One of the agencies that could be greatly affected is Border Patrol and it wouldn't be the first time funding has affected the agency in its long history.
"The guys would be given two or three days a week without pay," said Brenda Tisdale, Museum Administrator at the National Border Patrol Museum in Northeast El Paso.
With a background that dates to 1904, when agents were known as mounted guards, to now more than a hundred years later, border patrol has been through a lot including several government shutdowns.
In the 1970's the government experienced six shutdowns that significantly affected the agency's funding.
"They were only allowed to drive one vehicle per shift and limited miles with that one vehicle," Tisdale said.
Before his passing, Tisdale was married to Assistant Chief Patrol Agent Gerald Tisdale who founded the National Canine Facility out of Fort Bliss.
She said she remembers the deportation bus was used to transport agents from the station to their post and pick up the previous shift to reduce costs.

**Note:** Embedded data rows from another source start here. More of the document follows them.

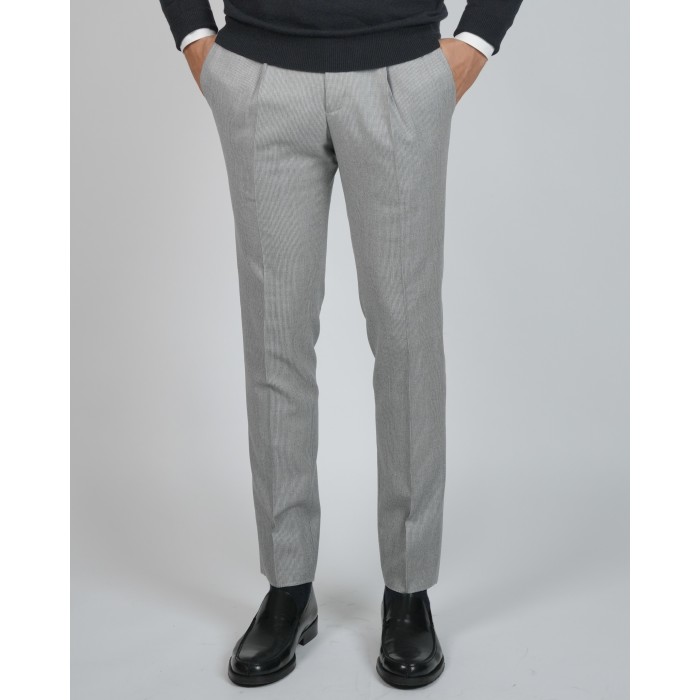 Pantalone una pince - Pied de poule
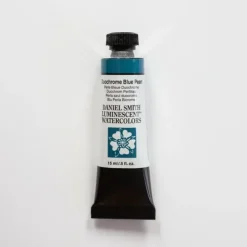 Daniel Smith Watercolor 15ml Duochrome Blue Pearl 1 - Little Painter Art | Exploring the Endless Possibilities of Art| Pigment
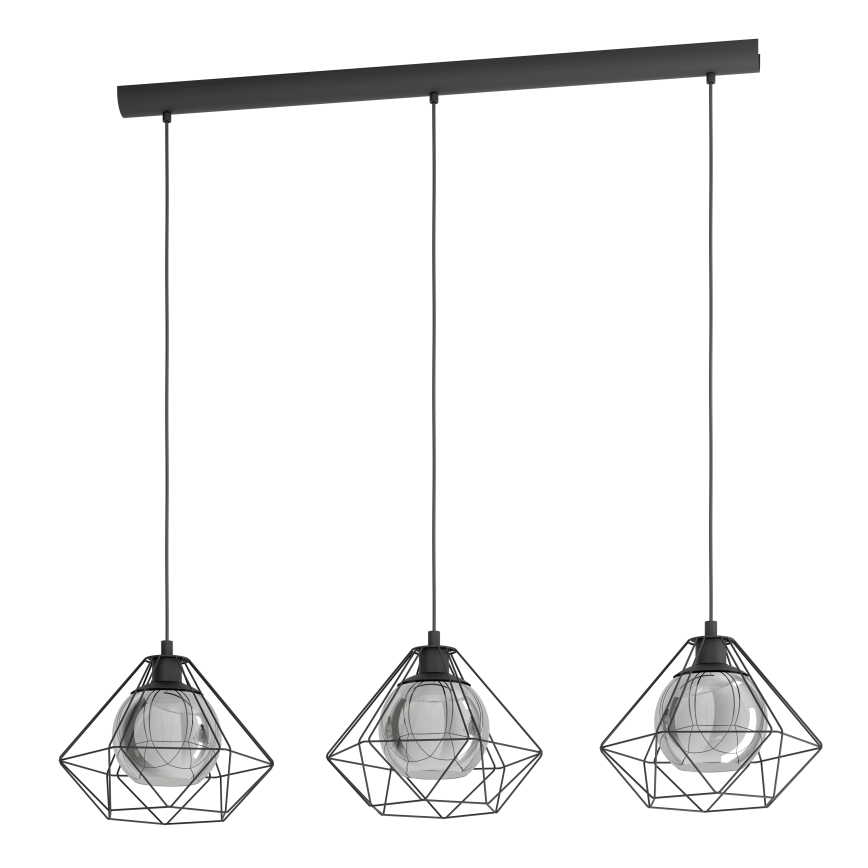 Eglo 43483 - Kattokruunu narulla VERNHAM 3xE27/40W/230V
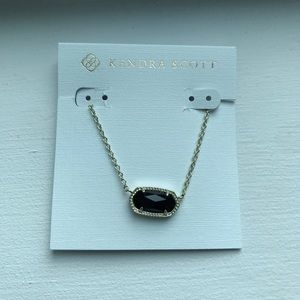 Kendra Scott Gold Elisa Necklace - Black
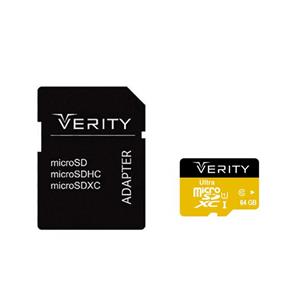 کارت حافظه microSDHC وریتی کلاس 10 استاندارد UHS-I U1 سرعت 95MBps همراه با آداپتور SD ظرفیت 64 گیگابایت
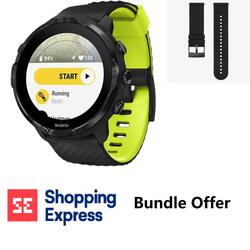 Bundle- Suunto 7 GPS Sports Smartwatch & 24mm Urban 5 Microfiber Strap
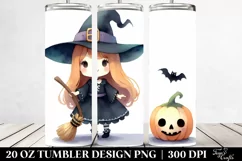Funny Witch Halloween Clipart 20 Oz Tumbler Product Image 2
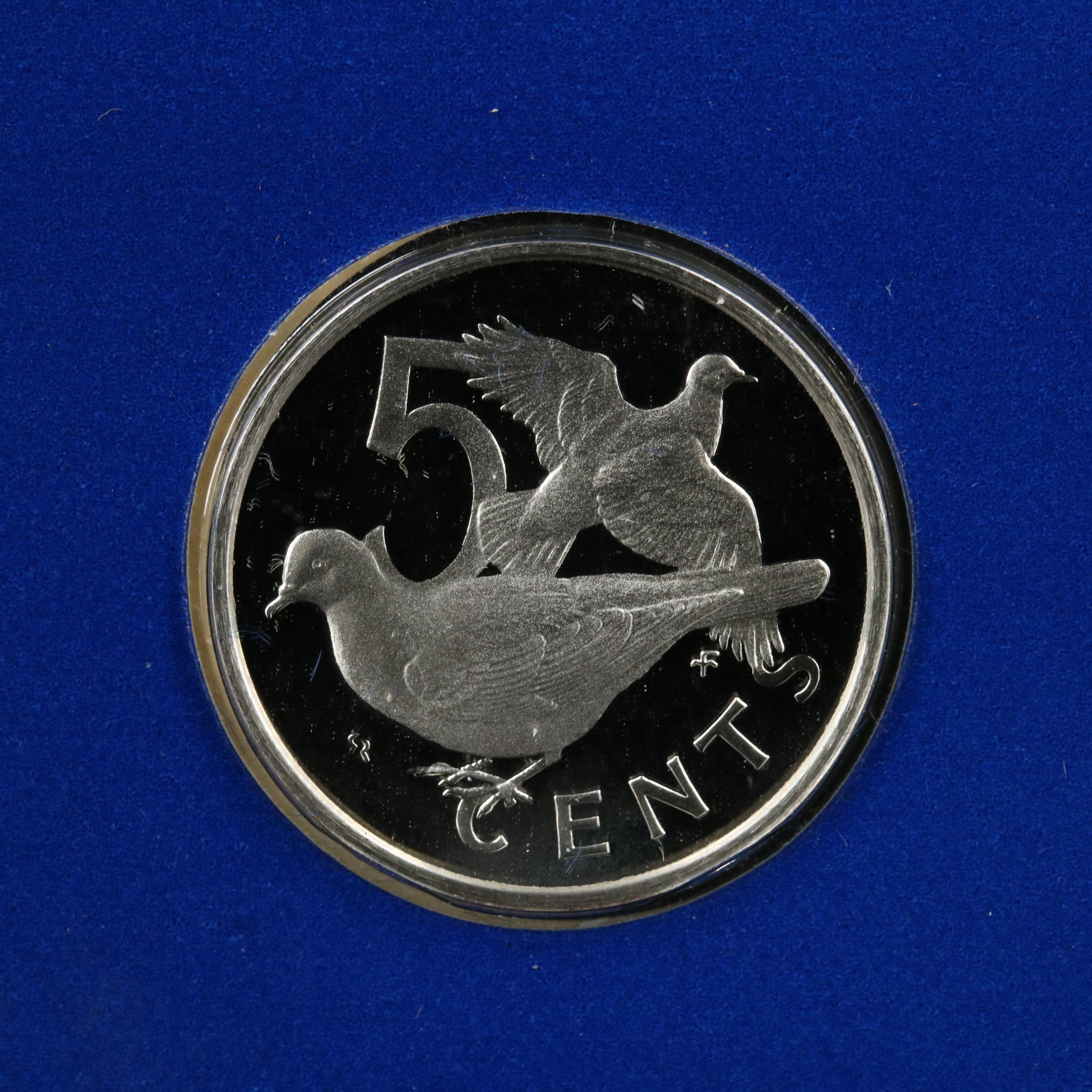 1977 British Virgin Islands all .925 Silver Proof Set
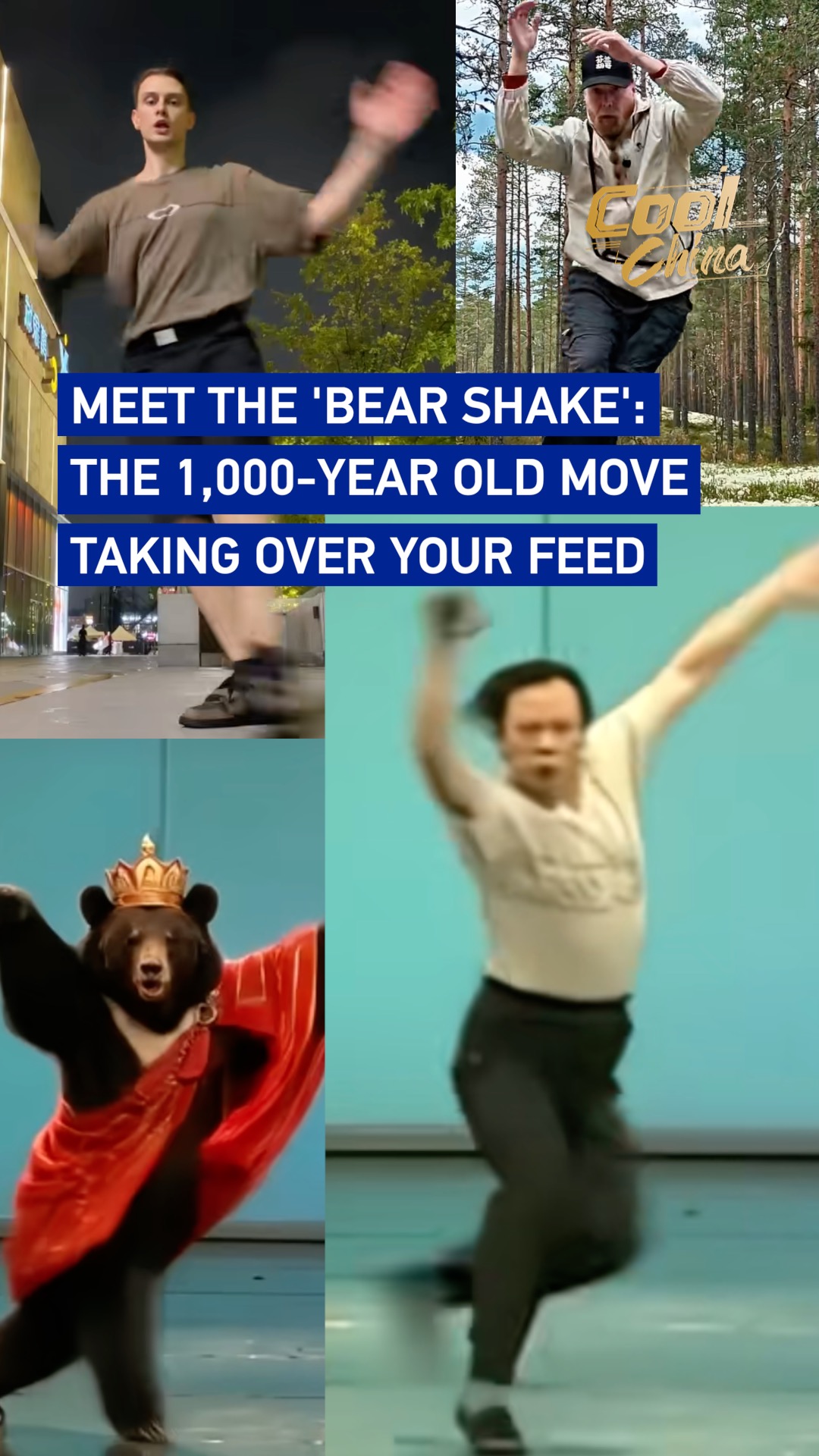Meet the 'bear shake': the 1,000-year old move taking over your feed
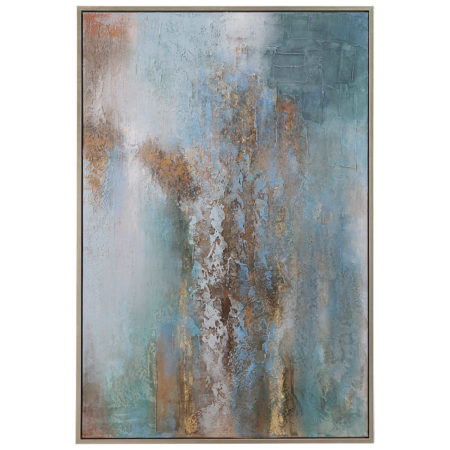 41432 ART RENDEZVOUS HAND PAINTED CANVAS (10936)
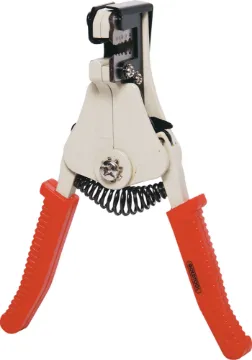 0.5-2.0mm Heavy Duty Automatic Wire Stripper Back by popular demand! These easy squeeze, spring loaded, auto wire strippers will remove insulation on cabling up to 2.0mm2 conductor area. Jaws suit four wire sizes 0.5, 1.2, 1.6, 2.0mm2.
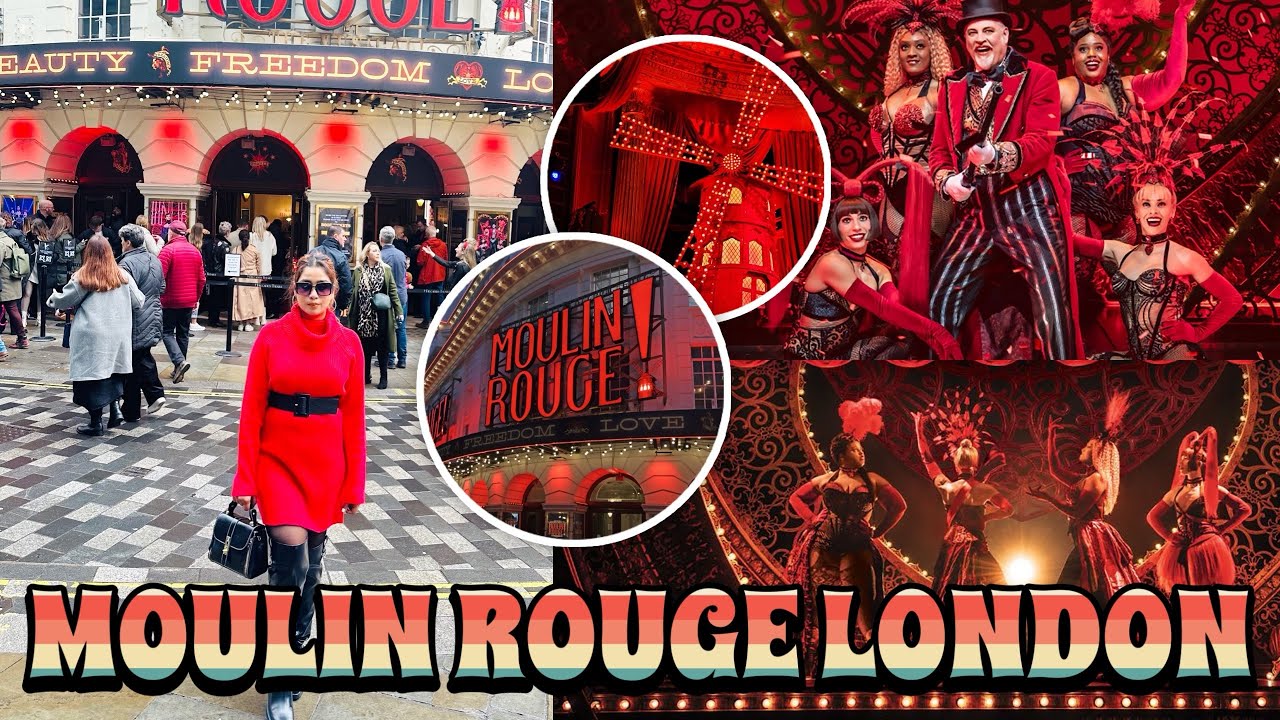 Moulin Rouge! The Musical- London | PRE-SHOW | Valentine’s special | London Vlog | @Vibewithyamii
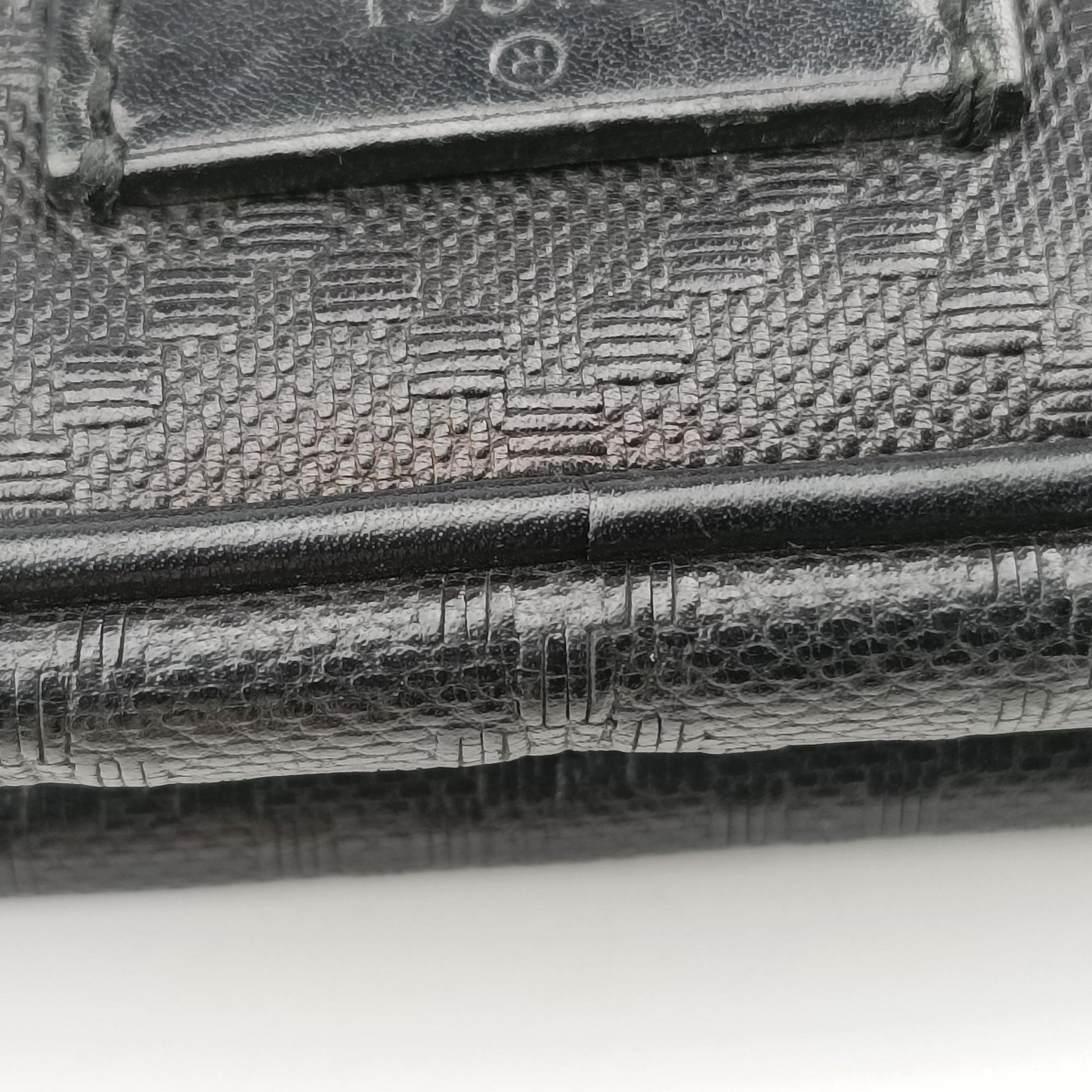 GG Imprime Messenger Black Leather 201448 D014656099GGインプリメ メッセンジャー ブラック レザー 201448 D014656099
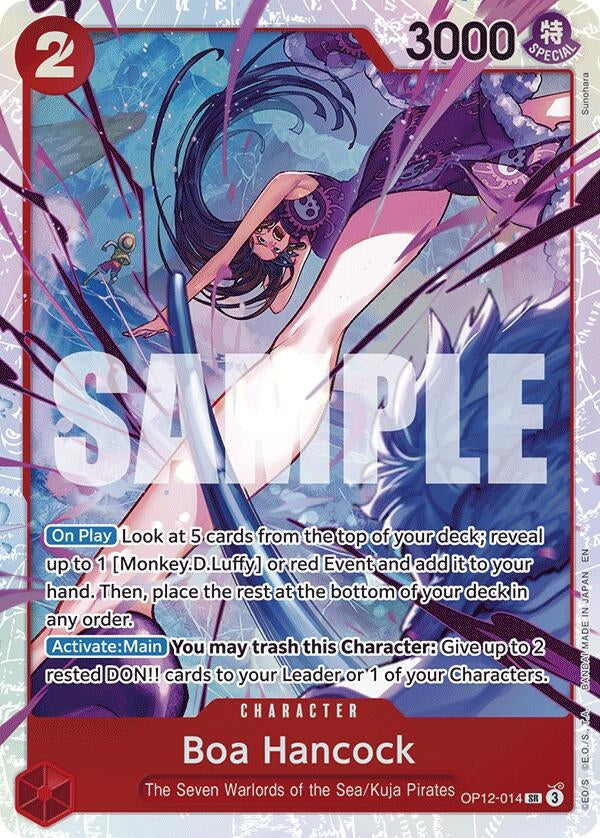 Boa Hancock (OP12-014) (Legacy of the Master) (Foil)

With furlough days, money did get tight and Tisdale recalls negotiating with creditors.
"We had to go and actually address them to have our payments lowered," she said.
But even when the going got rough her husband always took pride in his work.
"He would come home starving to death when I would pack him a big lunch and a big jug of iced tea because people that he'd catch were hungry," she said.
While times now are considerably different, Tisdale believes current Border Patrol agents will continue to uphold traditions and continue serving to the best of their ability,even if for now funding is uncertain.
The museum is not federally funded and will remain open regulars hours from 9 a.m. to 5 p.m. Tuesday through Saturday.